Output the data below only from the line containing "579 Hawthorne Pl, Chicago" up to and including the line containing "724 N OLEANDER", exact and with the pictures left out.
Start of EXERCISE DATA
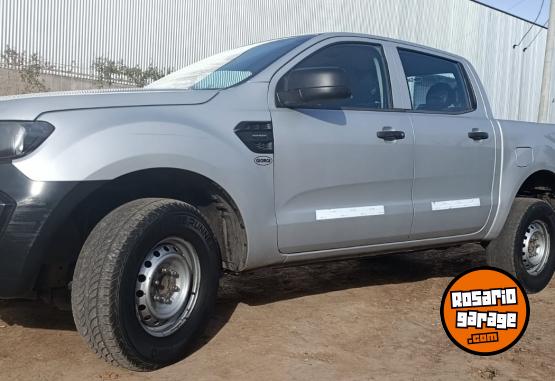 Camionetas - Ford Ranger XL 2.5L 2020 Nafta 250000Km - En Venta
End of EXERCISE DATA
Start of EXERCISE DATA
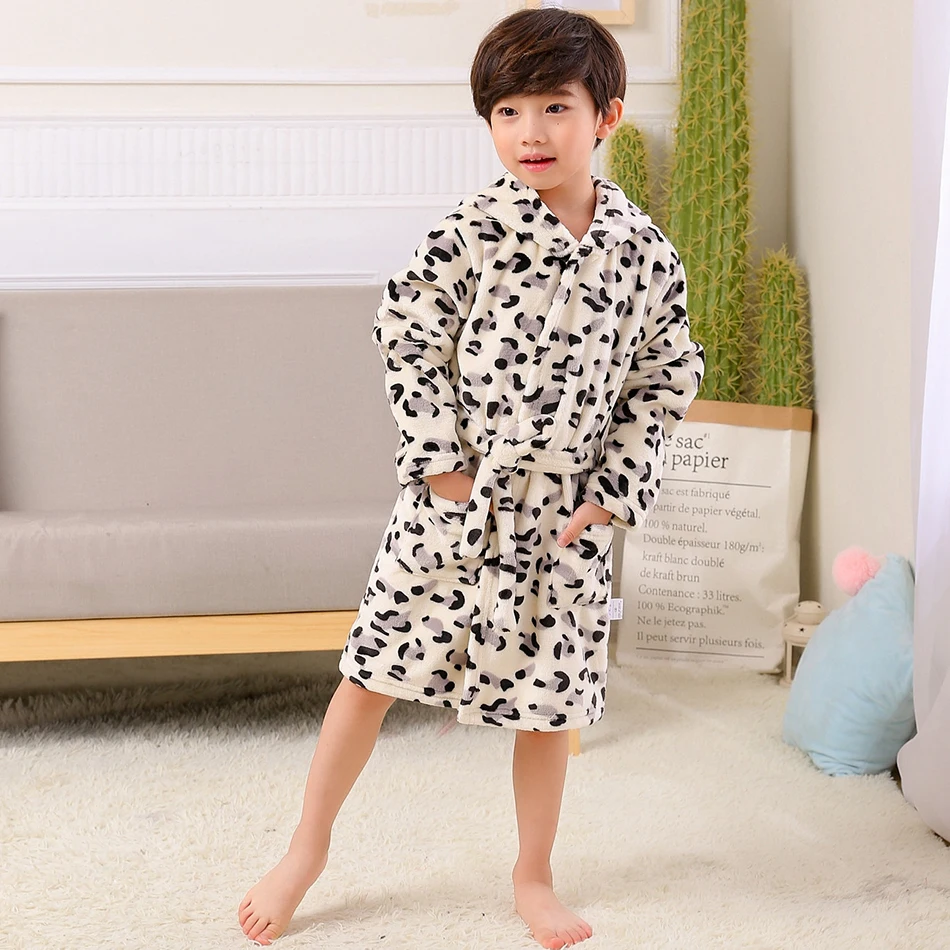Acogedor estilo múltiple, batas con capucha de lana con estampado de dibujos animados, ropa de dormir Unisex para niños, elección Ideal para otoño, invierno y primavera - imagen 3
End of EXERCISE DATA
Start of EXERCISE DATA
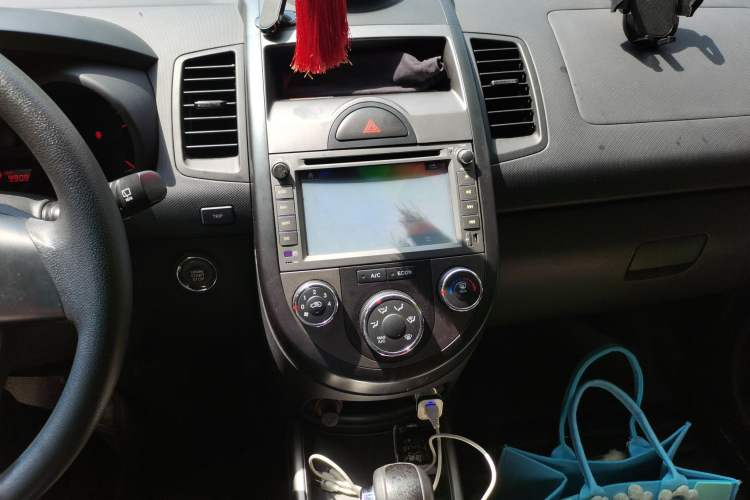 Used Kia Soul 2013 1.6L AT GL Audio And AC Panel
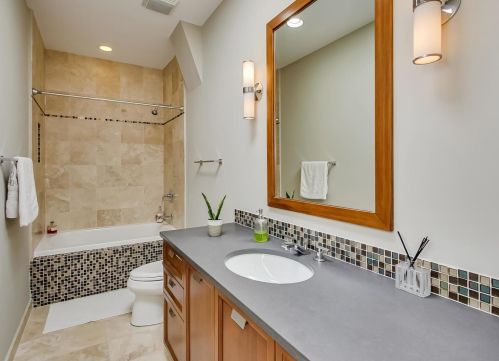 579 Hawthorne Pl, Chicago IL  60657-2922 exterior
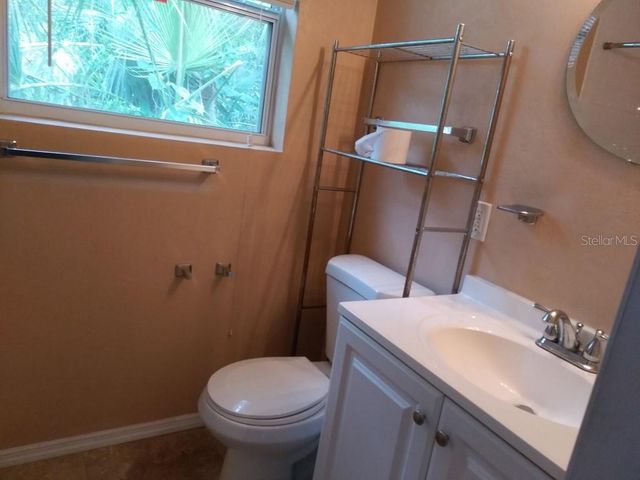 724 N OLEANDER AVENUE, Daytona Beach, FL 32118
End of EXERCISE DATA
__RESULT OF THE TASK__
 579 Hawthorne Pl, Chicago IL  60657-2922 exterior
 724 N OLEANDER AVENUE, Daytona Beach, FL 32118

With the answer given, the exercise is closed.